Marshall was educated at the University of the Punjab, in Pakistan, from which he received the degree of Bachelor of Arts. He also studied at Ramsey House Theological College in Cambridge, England. He holds the Master of Divinity Degree from Gujranwala Theological Seminary in Pakistan and a Master of Theology degree from the London School of Theology.

Beginning in 1976, Marshall served with the "Send the Light Trust" in Iran and then served on two ships as part of their International team for promoting "Good books" and providing humanitarian aid around the world.

In 1980, he founded Church Foundation Seminars, a church-related teaching and training ministry to strengthen pastors and leaders. in 1985, he founded the Institute for Basic Adult Development and Training, a literacy and vocational training program. At present it operates 250 Centers to bring about more than 100,000 students. Azad also founded the Prince of Peace Library and Center to bring about reconciliation among the Christian and Muslim communities of Shanti Nagar, Pakistan, and to promote peace.

Ordained as a deacon in 1987 and a presbyter in 1988, in the Church of Pakistan, Marshall served as the vicar of St. Andrew's Church, Lahore. In 1994 he was consecrated bishop by the Church of Pakistan to serve the Urdu-speaking congregations in the Gulf States. The following year he was made an associate bishop in the Province of the Middle East.

In 2003, Marshall was appointed vicar general in the Province of Jerusalem and the Middle East to have episcopal oversight of the church in Iran. In 2007, he was installed as sixth bishop in Iran and, in 2009, he was also made assistant bishop in the Diocese of Cyprus and the Gulf for Urdu-speaking congregations. That same year he was elected as a member of the standing committee of the Anglican Consultative Council and also president of the National Council of Churches in Pakistan.

Nashotah House conferred on Marshall the degree of Doctor of Divinity (honoris causa).

On 8 January 2016, Marshall was elected coadjutor bishop of the Raiwind diocese in the Church of Pakistan. He was enthroned as Bishop of Raiwind on 20 August 2017.

He is a supporter of the Anglican realignment and addressed the meeting of the college of bishops of the Anglican Church in North America held in Orlando, Florida, in January 2013. He attended G19, the additional conference for those who were not able to attend GAFCON III the previous year, held in Dubai, from 25 February to 1 March 2019.

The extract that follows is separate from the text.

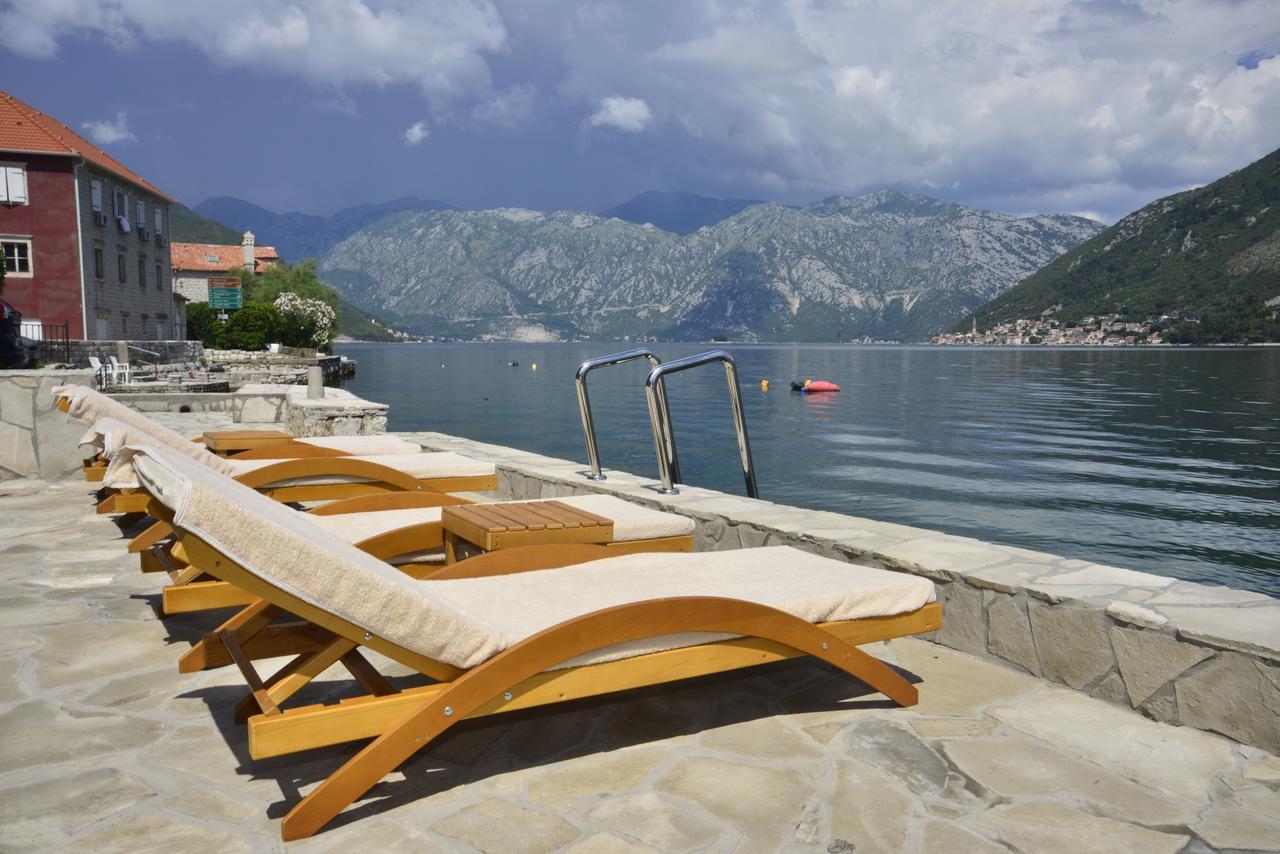 A Hundred Olive Trees Apartments Kotor Dış mekan fotoğraf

At the 16th Triennial Meeting of the Church of Pakistan Synod, held on 14 May 2021, Marshall was elected as the moderator bishop, a position in some united Protestant churches held by a bishop who oversees a denomination.

==Works==
Marshall's publications include Onward and Upward (1990), a Confirmation preparation course; Churches of the Middle East (1993); Letters to the Seven Churches in Revelation (1994), and Lent and Us (1994), and he edited Building Bridges, a compilation of speeches given by Lord Robert Runcie, then Archbishop of Canterbury, on his visit to Pakistan.

==Personal life==
Marshall is married to Lesley, who directs a ministry to underprivileged women in Pakistan. They have two children.